* [Description of the task]: Exactly as written, output each of the lines below, with no images.

* [Data section]:
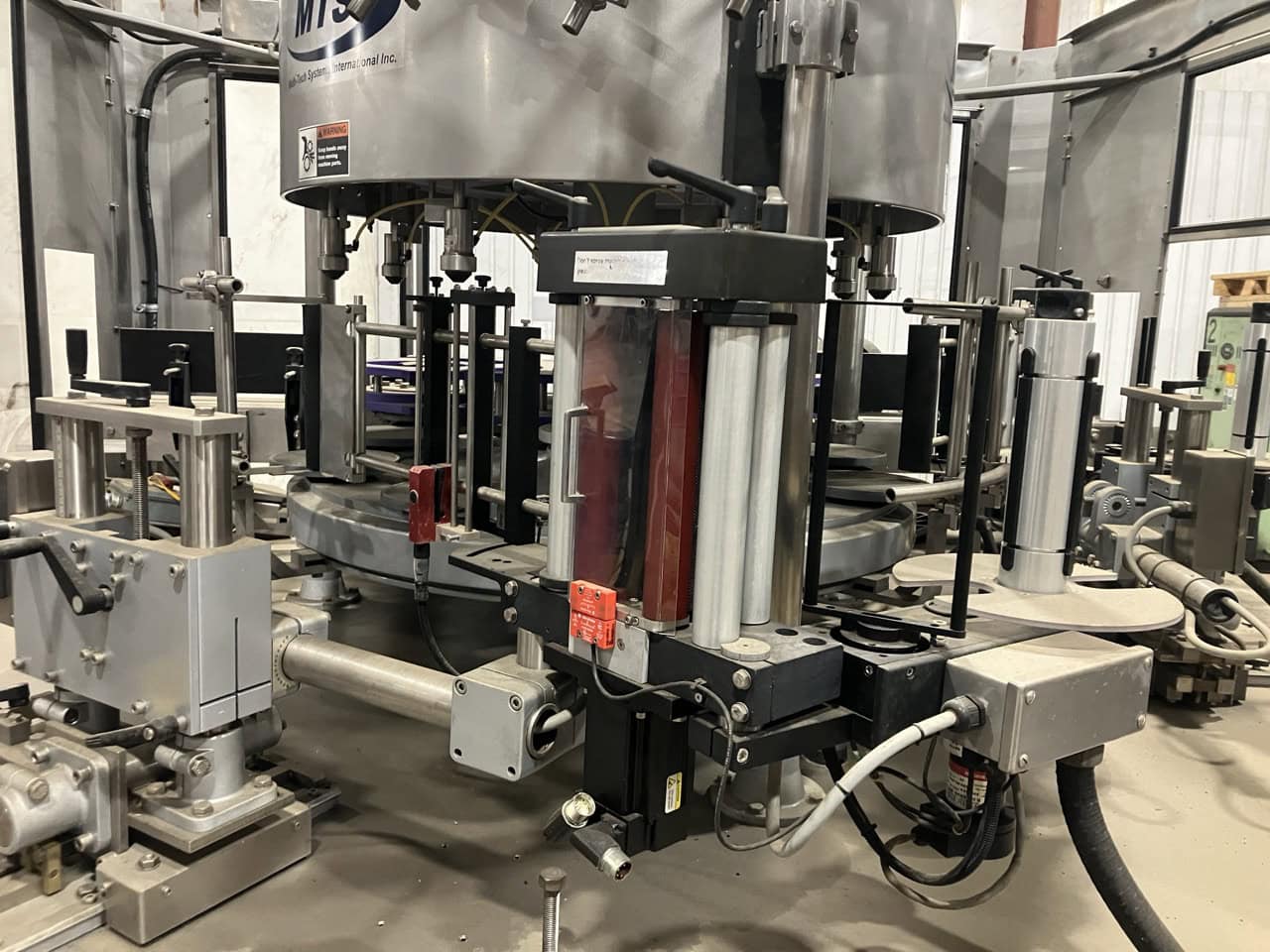 Krones Autocol Labeler for F Style HDPE Containers, 1996 - Rebuilt in 2011 by MTS - Image 8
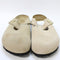 Womens BIRKENSTOCK Boston Clogs Sandcastle Suede UK Size 5.5 EU39
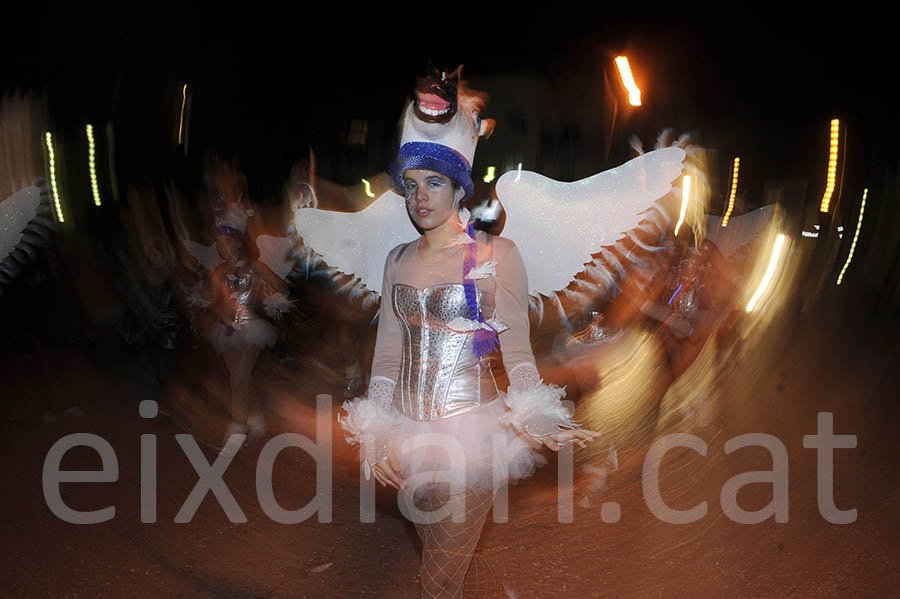 Rua del carnaval de Cubelles 2015. Rua del Carnaval de Cubelles 2015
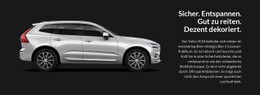 Volvo Neue Modelle - Vorlage Für Eine Seite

* [Reply]:
 Krones Autocol Labeler for F Style HDPE Containers, 1996 - Rebuilt in 2011 by MTS - Image 8
 Womens BIRKENSTOCK Boston Clogs Sandcastle Suede UK Size 5.5 EU39
 Rua del carnaval de Cubelles 2015. Rua del Carnaval de Cubelles 2015
 Volvo Neue Modelle - Vorlage Für Eine Seite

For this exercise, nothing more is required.